Irrespective of normal move allowance tactical movement is D6" rolled for each unit. The rolled distance is subject to usual penalties for difficult and very difficult terrain.
Because the fighter has to pay more attention to where they are moving all shots or throws they make in the rest of the turn are at -1 penalty.
A unit can begin or end a tactical move either standing or prone.
The GM can rule that terrain such as undamaged highways or landing pads are too flat to allow tactical movement.
Models carrying Standards, Ladders, Battering rams, other models or similar very bulky items or helping carry them cannot use tactical movement.[/i]

Corridors are common, not defining..

A mate said in Scifi n'ames have a'pos'troph'es :)

More useful we discussed the firepower a modern or scifi soldier faces, and to reflect this drafted the following rule:-

[i] While games are generally played on flat tabletops in real life most flat terrain has small undulations. In military circles such dips and rises are termed "microterrain". When under fire infantry movement is often a mixture of hugging microterrain and sprinting across open spaces.
Infantry on foot can use a mode of movement known as "Tactical movement". Beasts with a sufficient level of inteligence may also be allowed to use Tactical movement. Sufficient level of inteligence would mean a creature that understands firearms, not a simple animal. A Hornagaunt can use tactical movement. A Zoat could not since its body is not suited to crawling. Tactical movement can only be used by Infantry and inteligent beasts on foot and capable of crawling.
Moving tactically makes a figure -1 to target until their next movement phase.
Irrespective of normal move allowance tactical movement is D6" rolled for each unit. The rolled distance is subject to usual penalties for difficult and very difficult terrain.
Because the fighter has to pay more attention to where they are moving all shots or throws they make in the rest of the turn are at -1 penalty.
A unit can begin or end a tactical move either standing or prone.
The GM can rule that terrain such as undamaged highways or landing pads are too flat to allow tactical movement.
Models carrying Standards, Ladders, Battering rams, other models or similar very bulky items or helping carry them cannot use tactical movement.[/i]

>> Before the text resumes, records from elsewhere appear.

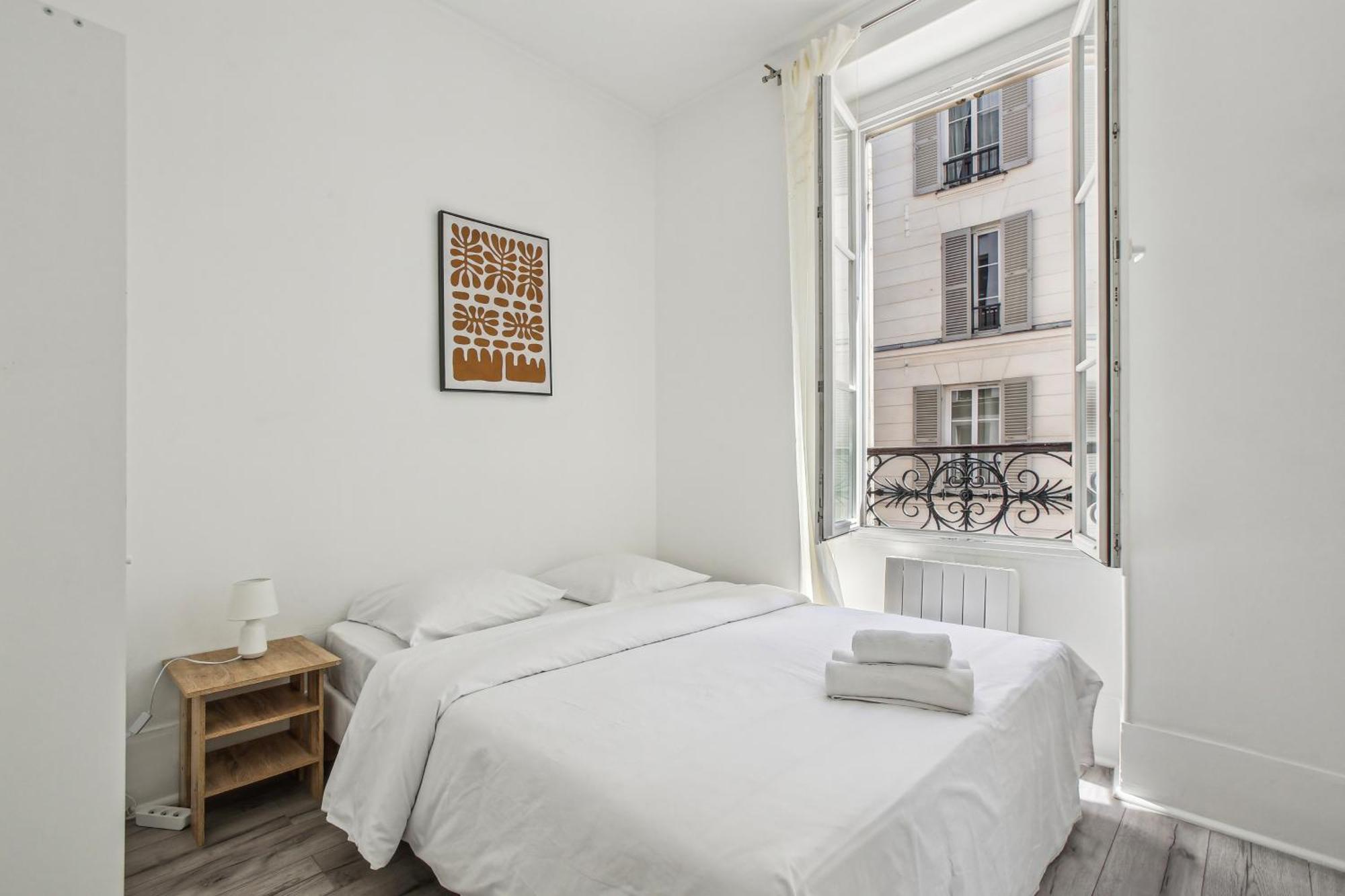 Chic And Comfortable Apart Paris Eksteriør billede
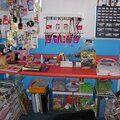 Another view of my scrapbooking room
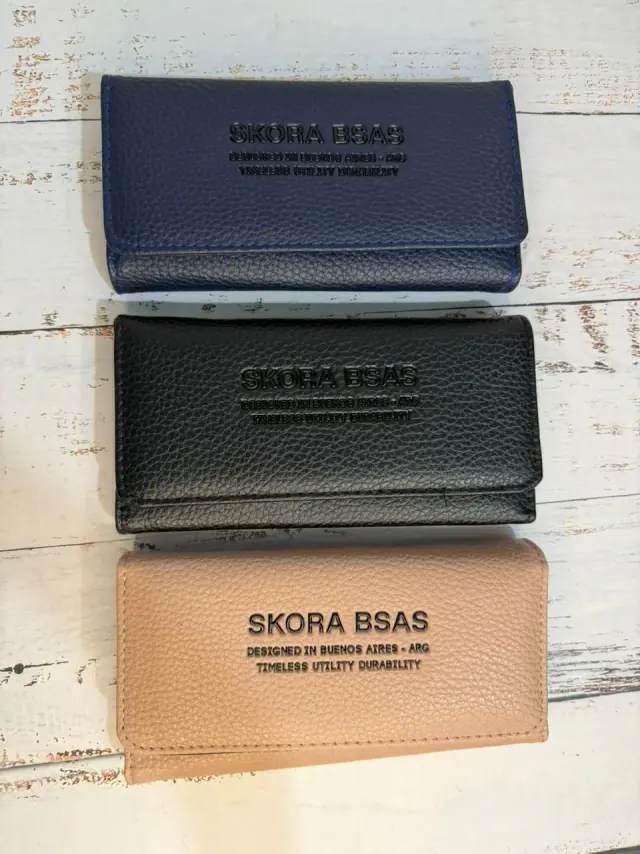 Billetera Skora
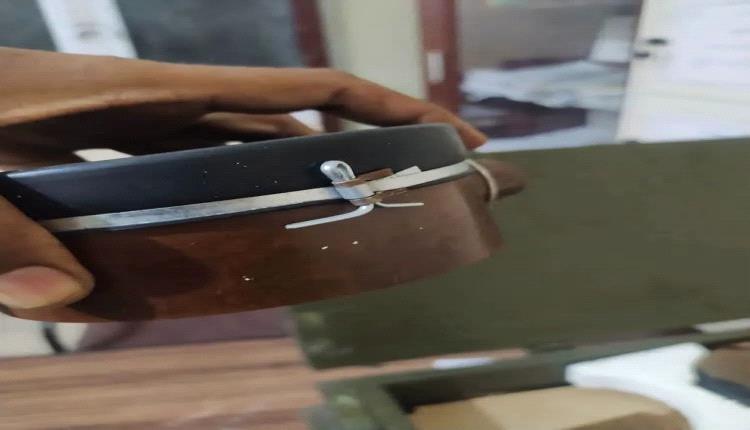 المكلا: ضبط 20 عبوة قنابل في عملية أمنية نوعية داخل أحد المنازل بالديس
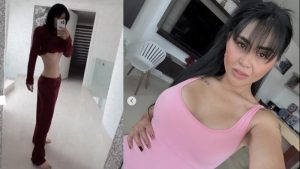 Aracely Ortiz, mejor conocida como Gomita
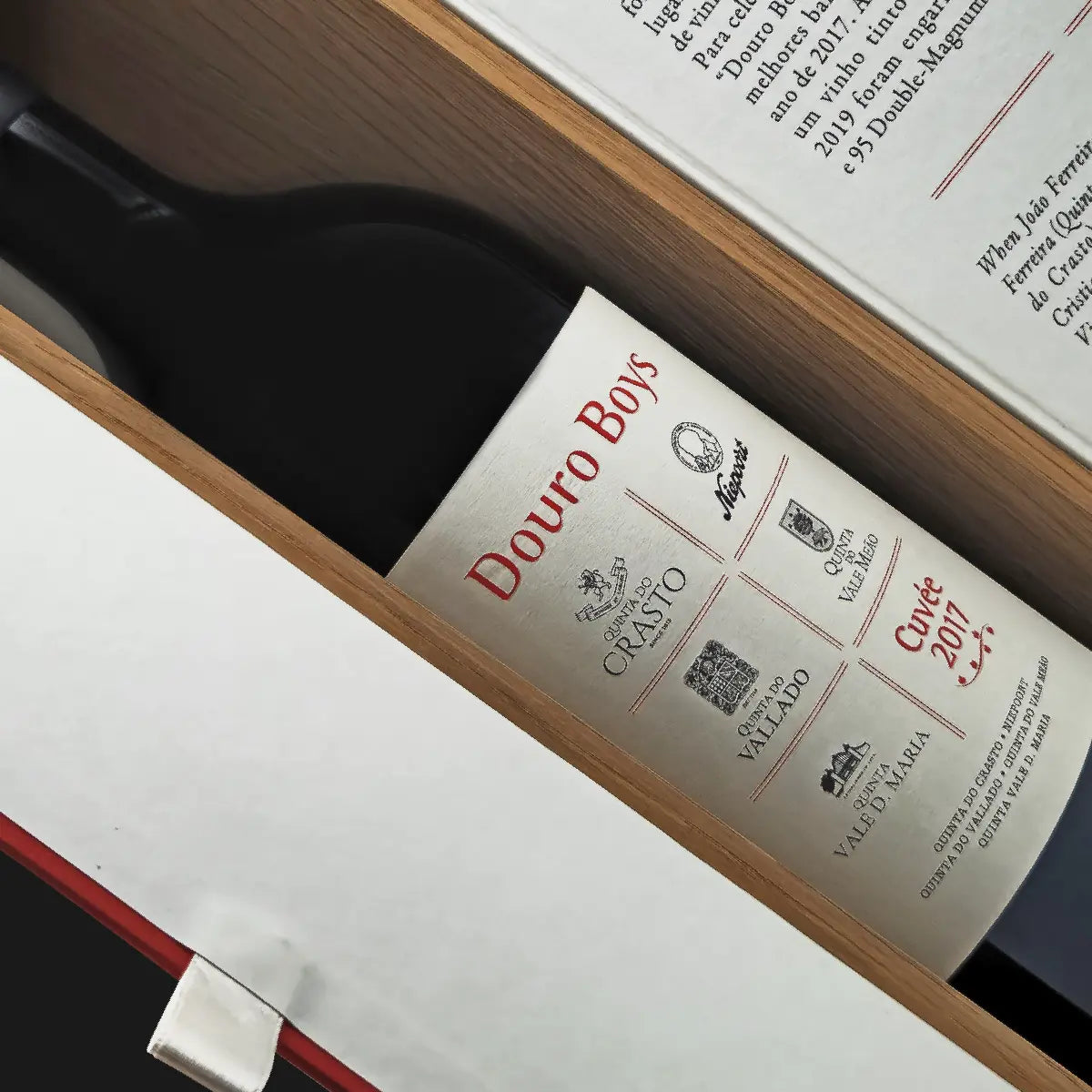 Douro Boys Cuvée Tinto 2017 (Magnum 1,5L)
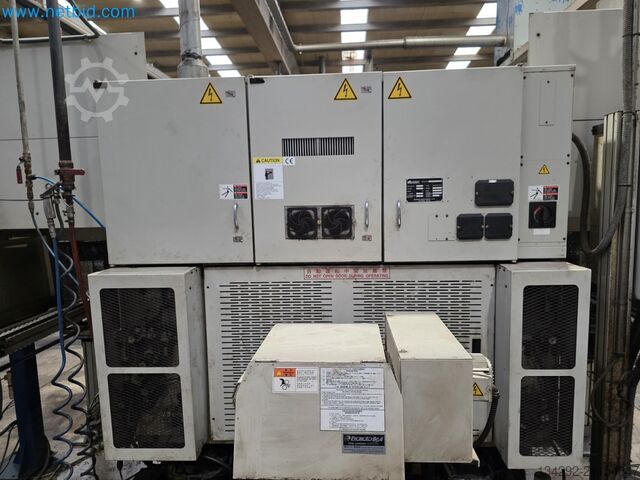 CNC-Drehmaschine Muratec MW120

I've been playing some 15mm WWII recently with a ruleset called CrossFire, which uses neither rulers, nor fixed game turns. These rules talk exactly about this - the fact that an trained infantryman looks at apparantly flat gound and sees it very differently to most people, because all of those little humps and bumps, rises and falls can means the difference between life and death in a battle.

The rule you describe covers this nicely, I think, for the scale you're rules are at - in that it should really only be regular infantry on foot (or appropraite creatures) that should be able to do this. You might also want to exclude certain bulkier armours from being able to do this.

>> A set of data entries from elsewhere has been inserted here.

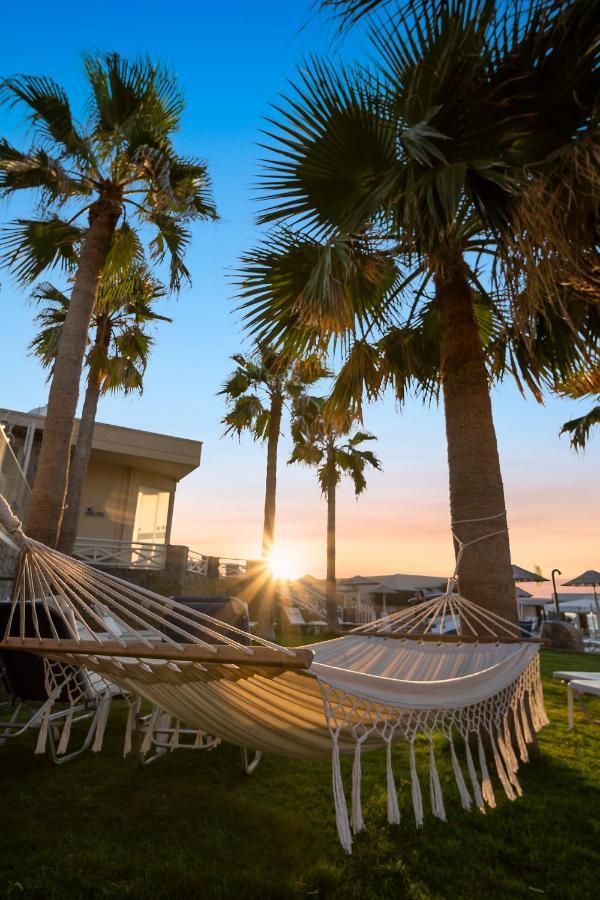 Aeolos Beach Resort Malia  Ngoại thất bức ảnh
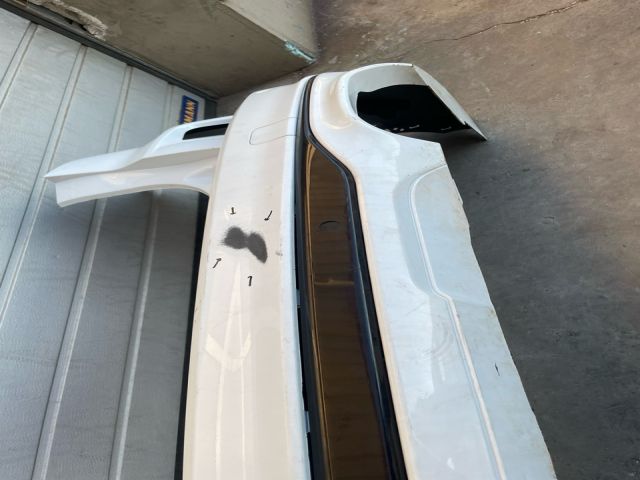 bontott FORD KUGA Hátsó Lökhárító (Üresen)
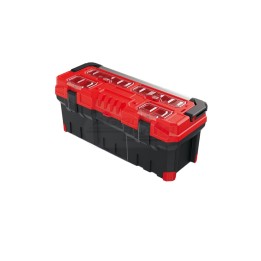 Skrzynka narzę.TITAN-PLUS-CZERWONY KTIPA7530-3020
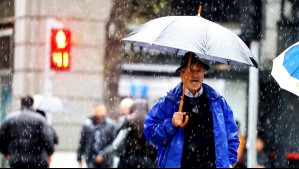Seguirá lloviendo este jueves: Estás son las zonas donde se registrarán precipitaciones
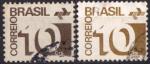 1972 BRESIL obl 1027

Actually military writers like Poole bemoan the fact that German, Russian and oriental troops make great use of microterrain while US troops don't.

To simplify things I'll add it as a general rule, although there is always the option that certain primative, inexperianced or poorly trained units cannot use tactical movement if the GM rules it so. I can see certain macho units not using this

(Sorry about the double post CM -was using a very slow PDA that seems to have wanted to overcompensate!)

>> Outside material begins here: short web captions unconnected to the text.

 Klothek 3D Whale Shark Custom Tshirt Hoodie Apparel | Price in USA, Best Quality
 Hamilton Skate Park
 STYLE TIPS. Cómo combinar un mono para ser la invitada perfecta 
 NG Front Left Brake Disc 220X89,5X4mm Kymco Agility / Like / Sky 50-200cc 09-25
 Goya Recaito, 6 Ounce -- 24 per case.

So Keeper, I'm guessing you're thinking Terminators don't get tactical movement since they don't get to pursue either?

phil

Exactly. You're hardly going to crawl and dash from bump to hump, half on your belly, across a battlefield if you're wearing TTDA. More to the point, you're not going to be able to. Same if you're wearing full-plate or your army just doesn't fight that way (like any Napolionic Infantry, for example!).